For example, two 52-tone resource unit and three leftover tones may
be classified as one 107-tone resource unit, and two 107-tone
resource units, one 26-tone resource unit, two leftover tones may
be classified as one 242-tone resource unit, and two 484-tone
resource units and one 26-tone resource unit may be classified as
one 994-tone resource unit. Thus, the tone plans of the 80 MHz
channel may be variously derived as an embodiment in which the tone
plans illustrated in this drawing are combined with each other, as
well as the tone plans illustrated in this drawing.
FIG. 39 illustrates PAPR values by resource units of a second
embodiment.
When the 2.times.HE-STF sequence defined in Equation 17 is applied
to the tone plan of the 80 MHz channel according to the second
embodiment, PAPR values were measured as illustrated in FIG. 39. In
FIG. 39, values of the respective spaces indicate PAPR measurement
values of resource units corresponding to the positions of the
respective spaces. Specifically, FIG. 39(a) illustrates PAPR
measurement values of resource units positioned on the left based
on the DC tones, and FIG. 39(b) illustrates PAPR measurement values
of resource units positioned on the right based on the DC
tones.
Although not shown, a PAPR value of the 26-tone resource unit
(13+13) positioned at the center was measured as 3.01 and a PAPR
value of the 996-tone resource unit was measured as 5.52. Referring
to FIG. 39, it can be seen that PAPR values of all the resource
units were measured to be very low, i.e., 5.53 or lower.

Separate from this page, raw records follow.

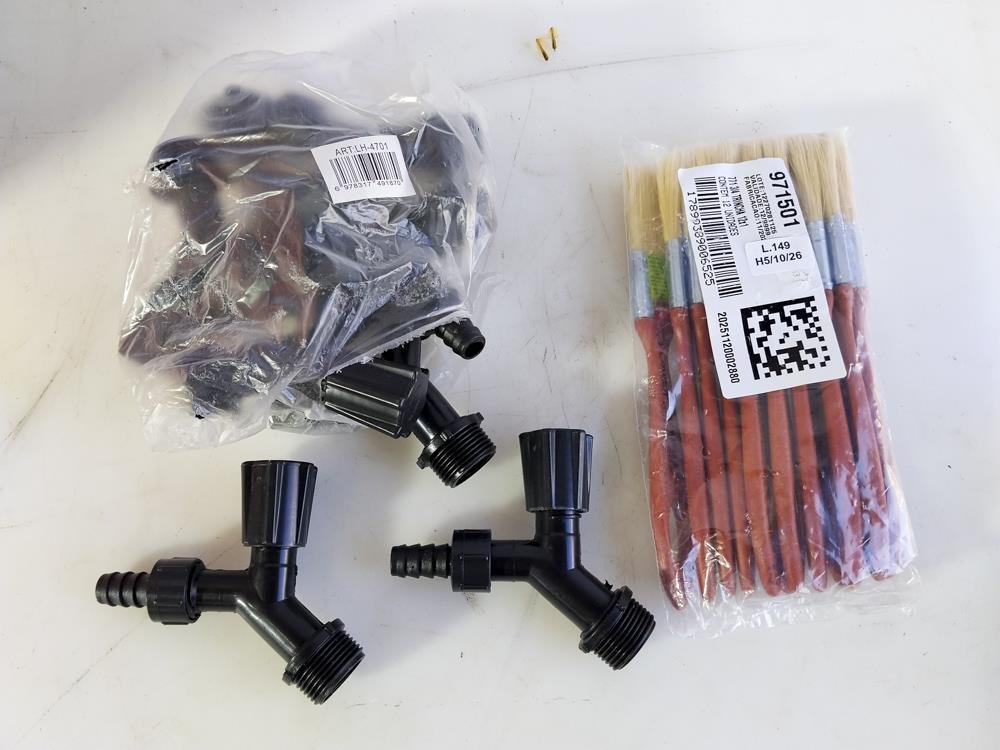 Juego de Conectores de Manguera y Pinceles para Pintura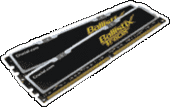 Crucial 2GB kit (1GBx2) Ballistix 184-pin  DIMM DDR PC4000  NON-ECC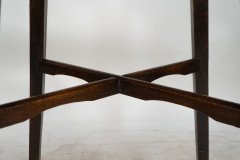E. A. Taylor for Wylie & Lochhead. A Glasgow School Circular Oak Side Table - Thumbnail 11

FIG. 40 illustrates a tone plan of a 80 MHz channel according to a
third embodiment of the present invention. In this drawing, for the
purposes of description, illustration of a left/right guard tone
and a DC tone is omitted. Also, the same descriptions as those of
FIGS. 36 and 37 may be applied to FIG. 40 in the same or similar
manner.
Referring to FIG. 40, the 80 MHz channel may include at least one
resource unit, twelve left guard tones, eleven right guard tones,
and seven DC tones. In addition, the 80 MHz channel may further
include leftover tones positioned to be adjacent to the resource
unit.
Also, in the present embodiment, as described above, resource units
of a small tone unit may be classified as one resource unit of a
larger tone unit together with a leftover tone, and resource units
of a large tone unit may be divided into resource units of a
smaller tone unit and a leftover tone. Thus, the tone plans of the
80 MHz channel may be variously derived as an embodiment in which
the tone plans illustrated in this drawing are combined with each
other, as well as the tone plans illustrated in this drawing.
FIG. 41 illustrates PAPR values by resource units of the third
embodiment.
When the 2.times.HE-STF sequence defined in Equation 17 is applied
to the tone plan of the 80 MHz channel according to the third
embodiment, PAPR values were measured as illustrated in FIG. 41. In
FIG. 41, values of the respective spaces indicate PAPR measurement
values of resource units corresponding to the positions of the
respective spaces. In particular, FIG. 41(a) illustrates PAPR
measurement values of resource units positioned on the left based
on the DC tones, and FIG. 41(b) illustrates PAPR measurement values
of resource units positioned on the right based on the DC
tones.
Also, although not shown, a PAPR value of the 26-tone resource unit
(13+13) positioned at the center was measured as 3.01 and a PAPR
value of a 996-tone resource unit was measured as 5.52. Referring
to FIG. 41, the PAPR values of all the resource units were measured
to be very low, i.e., 5.53 or lower.
FIG. 42 illustrates a tone plan of a 80 MHz channel according to a
fourth embodiment of the present invention. In FIG. 18, for the
purposes of description, illustration of a left/right guard tone
and DC tone is omitted. Also, the same descriptions of FIGS. 36 and
37 may be applied to FIG. 42 in the same or similar manner.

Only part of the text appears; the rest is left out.